Anavex has the goods. They've been proceeding carefully for over four years, proving the science every step of the way.

Provisional approval out of Austraila (followed by Canada, Britain, and the EU..... and finally in the US.) is a reasonable expectation. The question is 1/1/2020 +- how many weeks.

With a company that has groundbreaking science it is only a matter of time till price follows.

[nidan7500]

LB19 - Novel analytics framework for augmenting single-arm Phase 2a open label trials with Real-World external control data:
Application to the Blarcamesine (ANAVEX®2-73) study in Alzheimer’s disease matched with propensity corrected patients from Alzheimer’s Disease Neuroimaging Initiative (ADNI) exploring treatment effect on cognition at Interim two-year (104-Week) timepoint

Mohammad Afshar (1), Coralie Williams (1), Nanthara Sritharan (1), Frederic Parmentier (1), Federico Goodsaid (2),
Christopher Missling (3)
(1) Ariana Pharma, France, (2) Regulatory Pathfinders, United States, (3) Anavex, United States

Patent for AVXL re (hypothetical) use of ERP devices to conduct remote monitor outpatients w/AD clinical evaluation.

https://www.accessdata.fda.gov/scripts/cdrh/cfdocs/cfpmn/pmn.cfm?ID=K141316

Cognision is a member of consortium team w/AVXL/many others.

If PET scan may be used w/a validated system for identifying and monitoring AD then the clinical cycle has begun to take shape. AKA dot connecting.

AVXL and team may establish an alternative patient system cycle flow which includes capability to remotely monitor AD patients after the PET SCAN imaging confirms early diagnosis of AD patient, which presently cannot be done. B/C (for example) FDA has said , "we really do not know how to determine exactly when AD begins".(ridiculous on a scale of 3-5 years). So, come back when you are already hopelessly screwed (b/c there is no treatment) and then we will hook you up w/a DZP sales guy.

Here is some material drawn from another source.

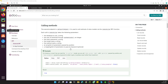Assalamualaikum friends, my name is Muhammad Yunus and I am an Odoo technical developer. In this video we are going to talk about how to call an Odoo method using XMLRPC, or you can say external API. In the previous video we discussed how to authenticate and get the UID so that we can call methods on the basis of that UID.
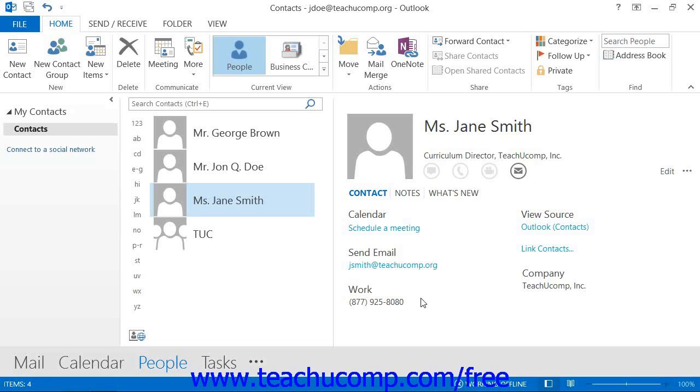In the contacts folder, open the contact window for the contact that you want to call.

So, here's the plan. Patient gets consulted/confirmed as early AD by use of new science(see paper-presentation). Monitoring begins using various ERP/AI remote monitoring systems. Patient is treated as out patient,(see patent app.) not warehoused. Patient dosed w/A2-73 following complete assessment. PET SCAN of t=0 completed. Out-Patient continues treatment-dosing . Remote monitoring w/ERP clinical non intrusive devices, RWE-RWD-EHR wireless remote established. Out-Patient continues to be treated until stable, recovery cycle is established. Continue treatment until patients cycle can be altered.

IMO, that is where this will go and all the pieces are in place or are getting there. IMO, many new health care system for CNS diseases will be done in a similar fashion. Unused dementia warehouses will be converted to ice rinks or other suitable plans.

We must listen to what the speakers mean in addition to what they actually say. The science is leading the application, as it should do. If PET scans can be used as a tool to verify AD early and to monitor (not for Amyloid search) then this system works. If there is no A2-73 effective treatment for CNS then it is all just vapor. IMO, they would not even be discussing this approach if they did not have strong evidence of efficacy already.

IMO, Dr.M. and others have not only determined they have a product for treating CNS diseases but they have also developed a program for how to apply and roll-out the product for most effective treatment. This is about QOL. This is how to use it b/c none of the existing infrastructure or systems support are compatible w/the new science.